Llegamos demasiado tarde, Lucas y yo. Para cuando nos llegó el momento, el ejército de Alejandro había penetrado tanto en Asia y había asimilado tropas de tantas naciones derrotadas que nuestro rey ya no mandaba alistar escuadrones de Compañeros en Macedonia salvo para reemplazar hombres muertos, heridos o licenciados. Todas las tropas de caballería que empleaba en ese momento eran escuadrones de mercenarios, en su mayoría persas, así como sirios, lidios, capadocios y jinetes de otros reinos del conquistado este. Ningún mace podía unirse a ellos, ni aun en el caso de que pudiera ir al otro lado del mar, que no podía, ni aunque supiera hablar la lengua bárbara, que no sabía.

Sólo había un modo de que Lucas y yo llegáramos a Asia: como soldados de infantería a sueldo. Como mercenarios.

Por entonces, montones de contratistas —llamados piloforoi por los gorros de fieltro que llevaban— viajaban por las ciudades de Grecia y Asia Menor alistando tropas. Era un negocio. Los candidatos pagaban una tarifa, a la que llamaban «poni» porque era tan excesiva que con ella se podría comprar un buen potro. Esas sumas iban a parar a los gorros de fieltro.

Al cumplir los dieciocho años, Lucas y yo viajamos seis días hasta el puerto de Metone, punto de contratación de tropas de infantería mercenarias. Las tabernas estaban plagadas de profesionales avezados: arcadios y siracusanos, cretenses y rodios, incluso oficiales aqueos y espartanos. Todos se conocían de enganches anteriores; tenían compañeros y camaradas que los subirían a bordo. Lucas y yo éramos los más jóvenes con mucha diferencia y no conocíamos a nadie. Ningún piloforoi quería saber nada de nosotros por convincentes que pareciéramos al mentir sobre nuestra edad o nuestro historial de servicio (que no teníamos).

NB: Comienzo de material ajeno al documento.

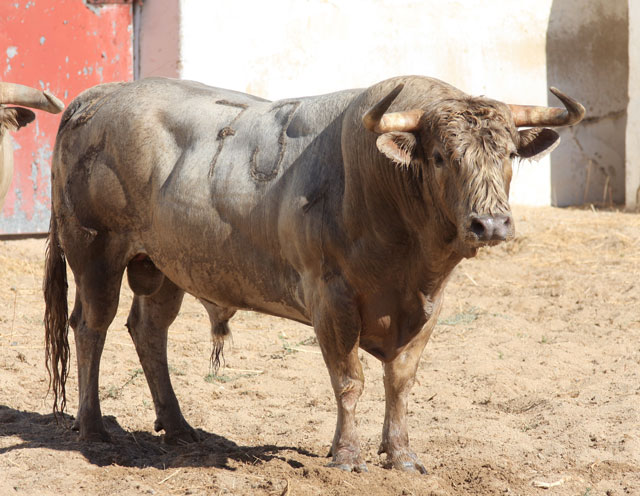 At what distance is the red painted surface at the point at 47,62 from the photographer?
8633 mm

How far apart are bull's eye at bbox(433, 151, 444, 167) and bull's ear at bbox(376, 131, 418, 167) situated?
0.10 m

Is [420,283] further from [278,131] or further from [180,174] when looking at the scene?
[180,174]

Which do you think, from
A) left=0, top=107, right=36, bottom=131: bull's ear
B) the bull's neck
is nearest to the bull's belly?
the bull's neck

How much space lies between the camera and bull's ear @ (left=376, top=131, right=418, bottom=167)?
378 cm

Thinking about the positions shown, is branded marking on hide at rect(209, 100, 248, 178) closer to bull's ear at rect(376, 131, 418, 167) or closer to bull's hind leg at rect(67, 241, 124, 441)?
bull's hind leg at rect(67, 241, 124, 441)

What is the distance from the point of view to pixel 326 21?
31.1 ft

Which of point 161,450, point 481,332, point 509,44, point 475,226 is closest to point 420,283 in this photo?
point 475,226

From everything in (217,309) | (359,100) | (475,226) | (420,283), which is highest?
(359,100)

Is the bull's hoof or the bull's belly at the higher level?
the bull's belly

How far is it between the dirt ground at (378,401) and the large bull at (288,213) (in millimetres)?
261

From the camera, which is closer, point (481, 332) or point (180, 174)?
point (180, 174)

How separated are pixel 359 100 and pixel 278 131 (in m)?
0.56

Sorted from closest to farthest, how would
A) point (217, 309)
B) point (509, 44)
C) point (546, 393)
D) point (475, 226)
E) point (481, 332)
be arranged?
point (475, 226)
point (217, 309)
point (546, 393)
point (481, 332)
point (509, 44)

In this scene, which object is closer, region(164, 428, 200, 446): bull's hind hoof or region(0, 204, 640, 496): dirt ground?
region(0, 204, 640, 496): dirt ground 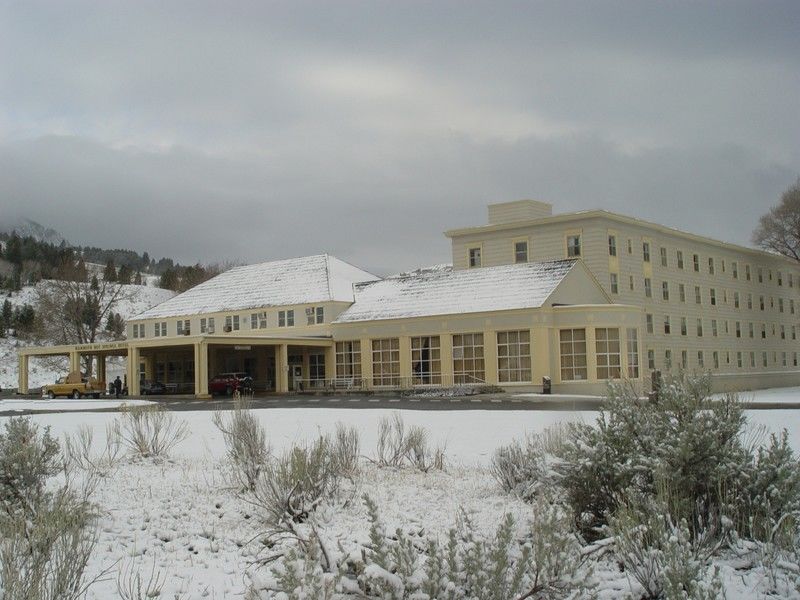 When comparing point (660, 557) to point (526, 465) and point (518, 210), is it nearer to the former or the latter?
point (526, 465)

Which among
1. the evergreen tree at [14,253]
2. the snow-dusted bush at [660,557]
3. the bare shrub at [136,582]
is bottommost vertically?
the bare shrub at [136,582]

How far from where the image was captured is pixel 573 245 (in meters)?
53.4

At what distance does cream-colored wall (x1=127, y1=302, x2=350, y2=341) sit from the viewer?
53.7 metres

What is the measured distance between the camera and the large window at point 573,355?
42.6 meters

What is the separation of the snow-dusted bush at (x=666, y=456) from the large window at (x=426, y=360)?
122 ft

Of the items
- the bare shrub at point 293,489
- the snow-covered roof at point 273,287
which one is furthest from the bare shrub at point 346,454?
the snow-covered roof at point 273,287

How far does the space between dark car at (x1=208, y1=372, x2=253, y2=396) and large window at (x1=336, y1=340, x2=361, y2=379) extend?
5.42m

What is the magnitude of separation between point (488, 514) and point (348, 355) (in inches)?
1636

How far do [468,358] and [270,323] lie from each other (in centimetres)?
1682

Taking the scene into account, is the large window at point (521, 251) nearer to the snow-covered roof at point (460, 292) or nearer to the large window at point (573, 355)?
the snow-covered roof at point (460, 292)

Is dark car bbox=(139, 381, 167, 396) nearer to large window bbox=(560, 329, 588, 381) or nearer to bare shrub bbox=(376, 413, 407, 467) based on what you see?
large window bbox=(560, 329, 588, 381)

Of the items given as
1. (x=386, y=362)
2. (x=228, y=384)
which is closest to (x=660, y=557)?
(x=386, y=362)

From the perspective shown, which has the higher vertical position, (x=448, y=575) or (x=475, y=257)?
(x=475, y=257)

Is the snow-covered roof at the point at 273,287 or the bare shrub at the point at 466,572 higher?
the snow-covered roof at the point at 273,287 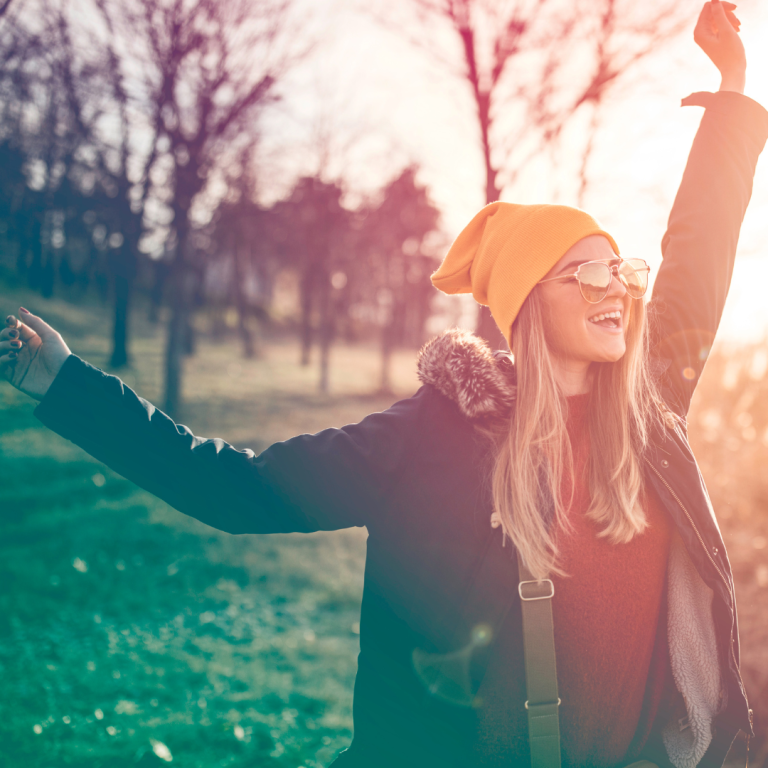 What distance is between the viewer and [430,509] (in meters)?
1.43

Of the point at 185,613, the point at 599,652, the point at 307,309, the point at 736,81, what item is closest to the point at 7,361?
the point at 599,652

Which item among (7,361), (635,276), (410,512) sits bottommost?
(410,512)

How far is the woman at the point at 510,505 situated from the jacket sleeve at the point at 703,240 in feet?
0.73

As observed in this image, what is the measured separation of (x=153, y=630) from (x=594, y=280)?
351 centimetres

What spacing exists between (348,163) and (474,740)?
1271 centimetres

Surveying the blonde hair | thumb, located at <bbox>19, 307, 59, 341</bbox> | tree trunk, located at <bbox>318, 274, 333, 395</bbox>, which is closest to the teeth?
the blonde hair

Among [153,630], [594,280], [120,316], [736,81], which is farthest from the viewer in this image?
[120,316]

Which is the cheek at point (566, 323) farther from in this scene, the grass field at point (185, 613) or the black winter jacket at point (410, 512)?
the grass field at point (185, 613)

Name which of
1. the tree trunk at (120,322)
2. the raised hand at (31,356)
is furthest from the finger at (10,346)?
the tree trunk at (120,322)

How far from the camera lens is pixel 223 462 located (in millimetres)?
1351

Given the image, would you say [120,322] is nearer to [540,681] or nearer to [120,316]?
[120,316]

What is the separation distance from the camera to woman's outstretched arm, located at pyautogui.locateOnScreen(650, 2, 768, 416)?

Pasaron diez días y nuestro dinero para sobornos menguaba rápidamente con los intentos de abrirnos hueco o comprar un destino a cualquier parte. Al final, nos fuimos a buscar al general de reclutamiento en persona. Ni siquiera pudimos acercarnos a él, por supuesto. Un sargento de línea, oriundo de Pela, nos echó a patadas.

—Un momento, chicos —dijo al oírnos hablar—. ¿Sois de Apolonia?

Nos preguntó si sabíamos montar.

¡Éramos centauros!

El sargento preparó nuestros papeles en el acto y no quiso aceptar dinero. Nos apuntó en infantería montada. Eso era lo que más necesitaba Alejandro. Lucas y yo no nos creíamos la suerte que habíamos tenido. Preguntamos en qué unidad estaríamos y cuándo nos darían nuestros caballos.

—Nada de unidades y nada de caballos —contestó el sargento. Nos había apuntado en la lista de reclutamiento porque éramos macedonios entre tantos forasteros—. Ningún oficial en el extranjero ha rechazado jamás a un chico de casa.

Le dimos las gracias de todo corazón, pero él le quitó importancia.

—No os preocupéis por la unidad con la que embarcáis ni si vais a oler siquiera una hora de instrucción. Allá, en el este —agregó—, el rey os reclutará dondequiera que os necesite.